1. High Availability Overview

Foreword

High Availability Cluster enables the definition of highly available virtual machines. Any production VM is considered HA once you start Hoster API server in the HA mode (aka hoster api start --ha-mode).

In simple words, if a virtual machine is configured as production VM and the physical host fails, the VM will be automatically restarted on one of the remaining cluster nodes, if such a node happens to have the latest available ZFS snapshot for that specific virtual machine.

If you are planning to use HA, we highly recommend getting production grade server hardware with no single point of failure. This should include disk level redundancy (at least RaidZ-1), redundant power supplies, UPS systems, network switches with dual power supplies, etc.

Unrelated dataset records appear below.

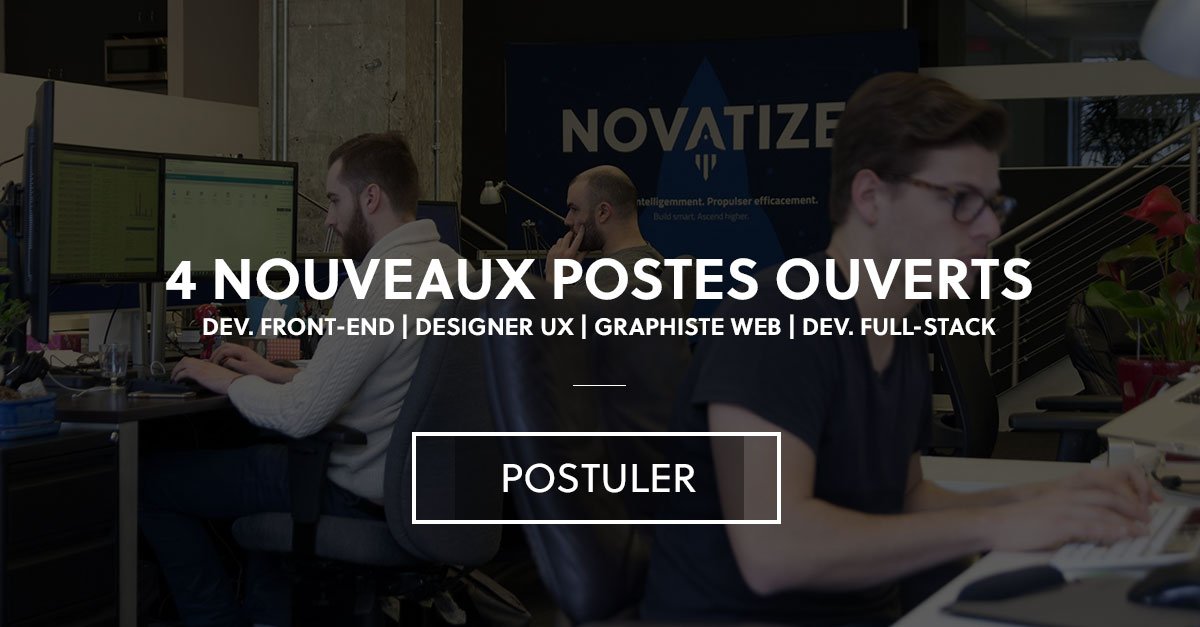 4 Nouveaux Postes Ouverts chez <a href="/Novatize/">Novatize</a> Pour postuler, par ici : bit.ly/novatize-jobs #SpecialistesEcommerce #st-roch #Emploi #jobillico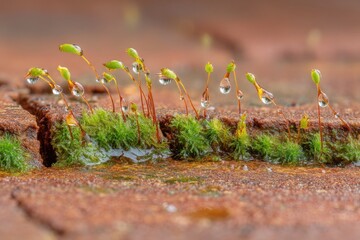 Moss Sprouts with Dew Drops on Brick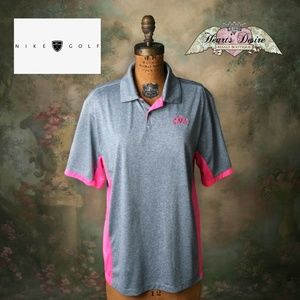 Nike Golf Tour Performance DryFit Polo Pink Gray S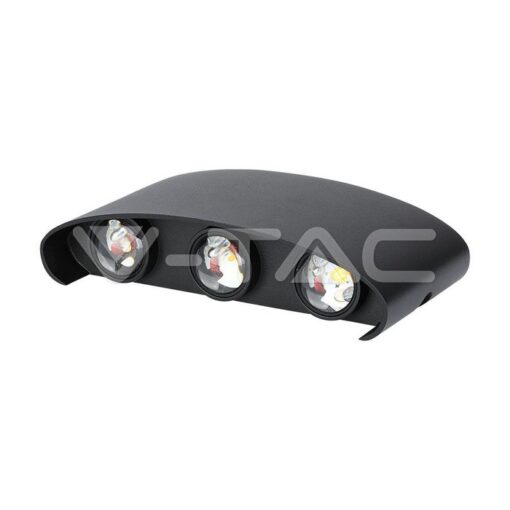 5w Led Стенна Лампа 3000k 6 Лъча Черна-Sku:218615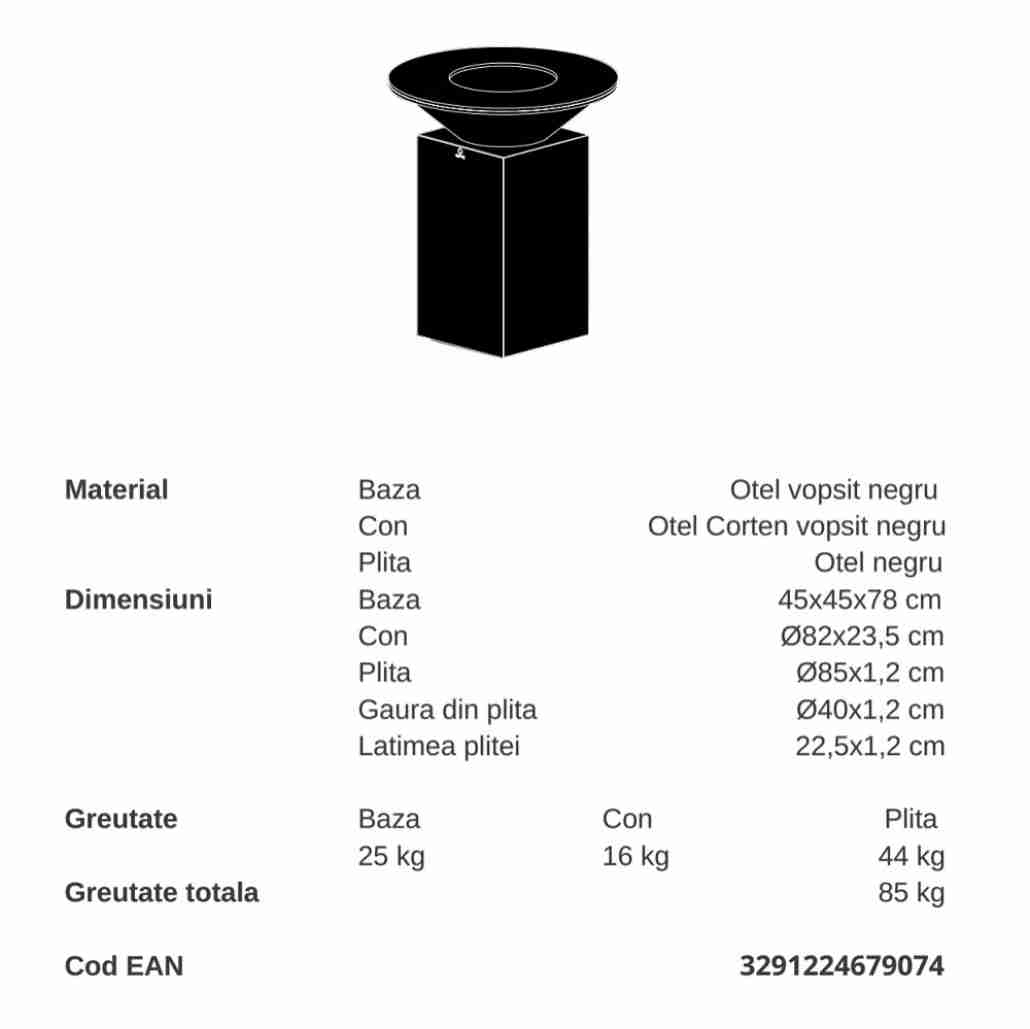 Gratar OFYR Negru 85 cu vatra de gatit pe lemne [3]
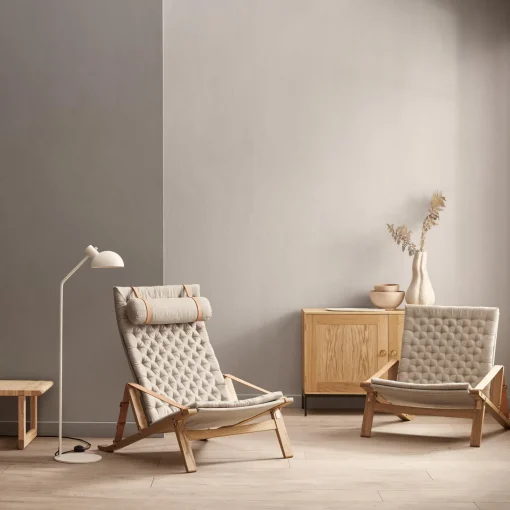 FK11 Plico loungestol, hvidolieret eg/natur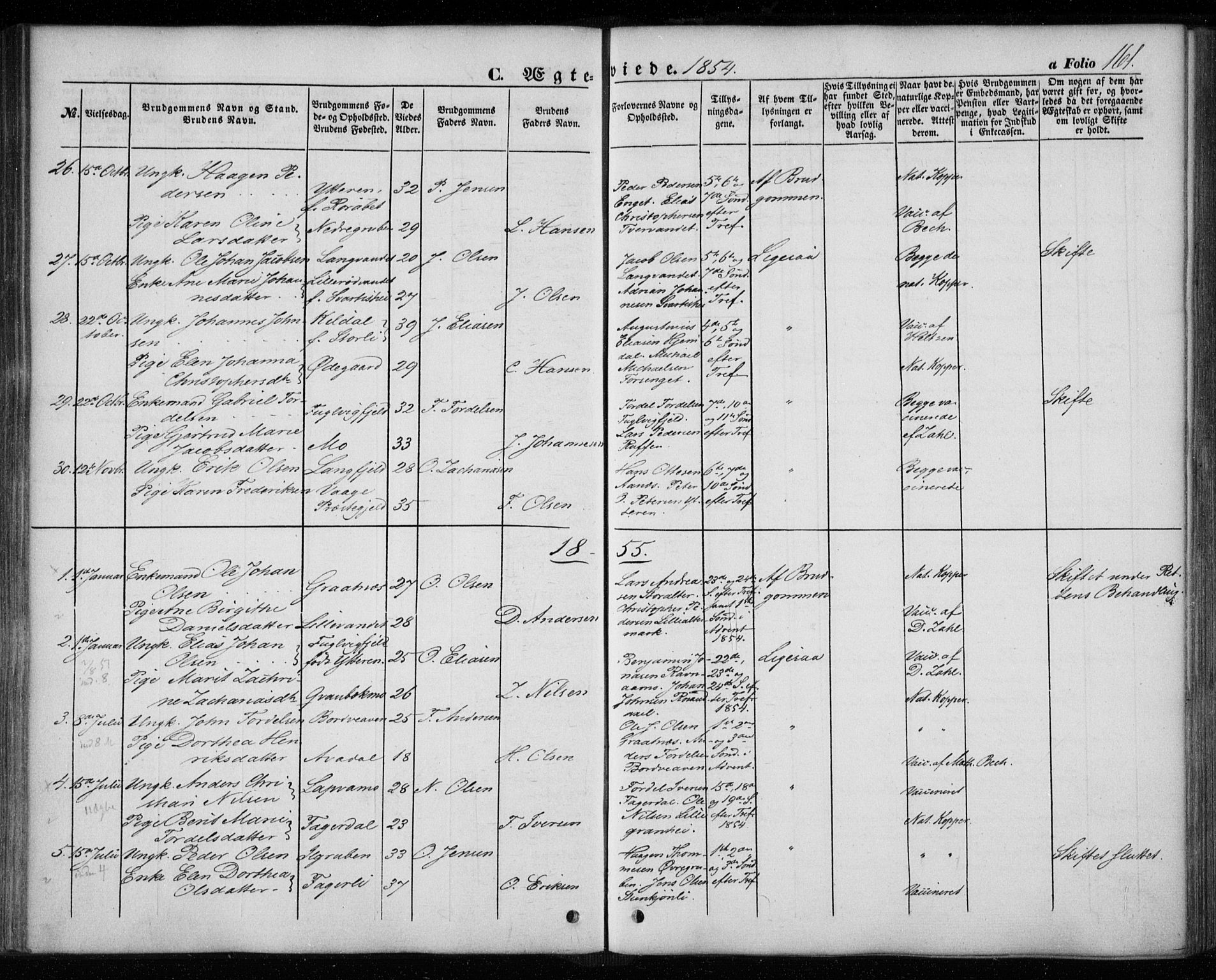 Ministerialprotokoller, klokkerbøker og fødselsregistre - Nordland, SAT/A-1459/827/L0392: Parish register (official) no. 827A04, 1853-1866, p. 161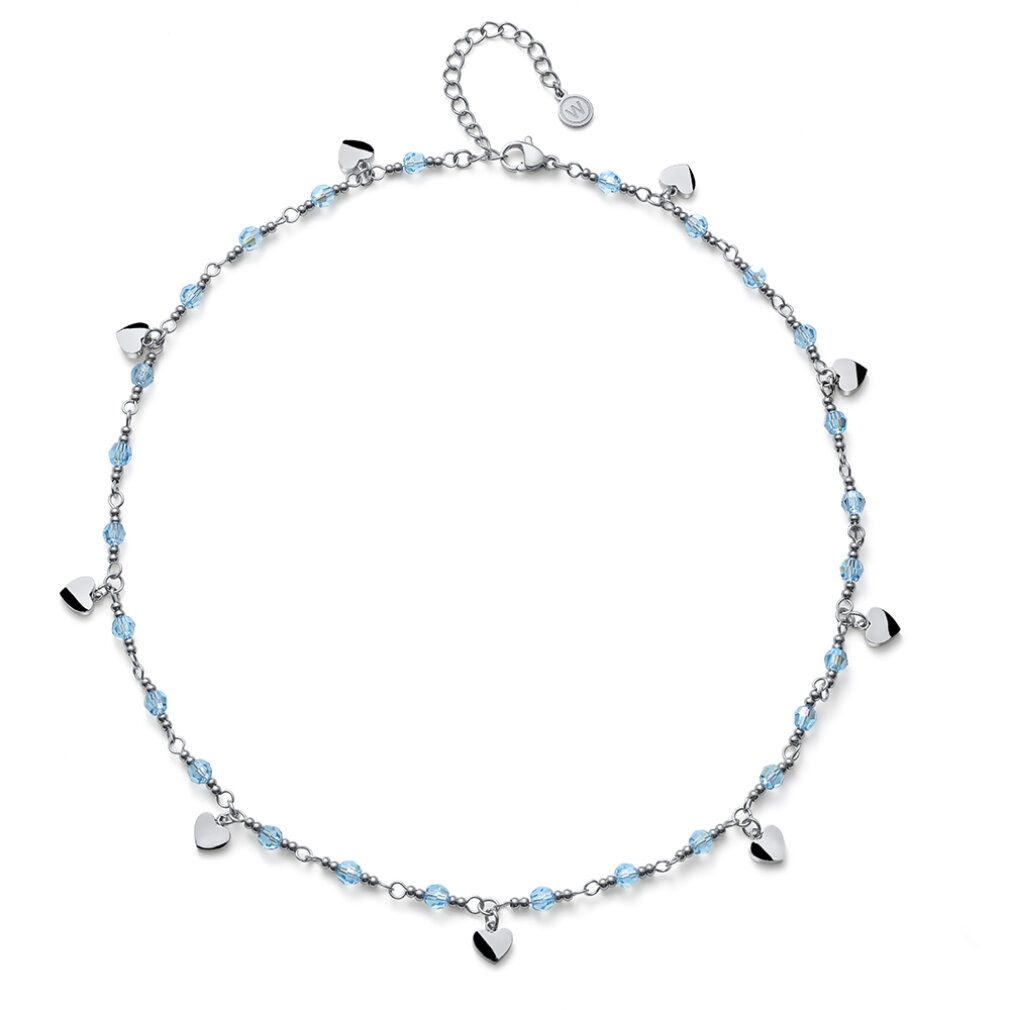 Oliver Weber Kette mit Einhänger Charmante Halskette aus Stahl mit Perlen Freak 12262 BLU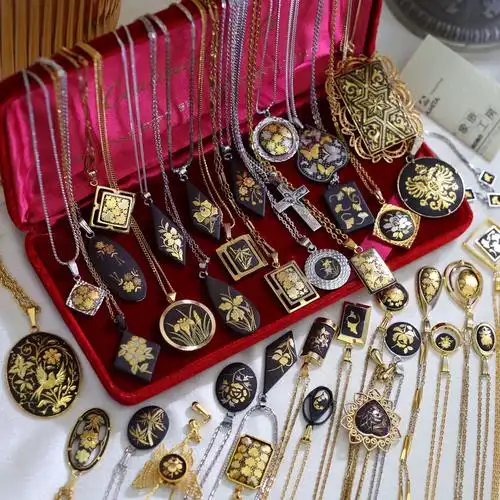 vintage古董首饰日本西班牙大马士革锻金项链手工错金银传统工艺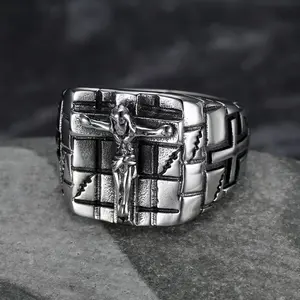 Vintage Jesus Pattern Gothic Stainless Steel Cross Ring - Dark Aesthetic Rings, Hip-hop Punk Style Fashionable Party Accessory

It is essential that you use redundant network connections for the cluster communication. This can be as simple as running an additional, direct network cable connections from node-to-node (in the small, 3-node clusters), or as complex as setting up a spine-leaf architecture, with multiple bond interfaces. Else a simple switch reboot (or power loss on the switch) can lock all HA nodes, and bring down the whole cluster.

Overview

Hoster high availability is based on raft-ish algorithm using 3 candidate nodes that are described in the ha_config.json file and are essentially static. These 3 candidate nodes will agree who is a manager in this cluster based on the process start time - API server process that has been started first becomes a manager. All worker nodes are dynamic, and kept in RAM on every single candidate in case it needs to take over the cluster and become a manager.

To activate the HA mode start the API server using the --ha-mode:

hoster api start --ha-mode --ha-debug

--ha-debug let's you troubleshoot or test the HA mode before going to production. It will simply log every action (to /var/log/messages) instead of immediately applying them. For example:

EMERG: candidatesRegistered has gone below 2, initiating self fencing

The line above signals that the node in question can't reach the other 2 candidate nodes, and without the --ha-debug flag it would've rebooted itself. But because we are in the debug mode, API process will log what just happened and will exit immediately to simulate a node failure.

You can use tail -f /var/log/messages to watch the HA cluster changes and actions live.

HA Process Watchdog

By executing hoster api status you can check if the API server has been started in the HA mode:

🟢 API Server is running as PID 50056
🟢 HA Watchdog service is running as PID 53078

️🤖 HA is running in DEBUG mode
🔶 BE CAREFUL! This system is running as a part of the HA. Changes applied here, may affect other cluster members.

From this specific output it's clear that we are using the High Availability mode, but you've probably noticed by now that there is another process running (apart from the API server itself) called ha_watchdog.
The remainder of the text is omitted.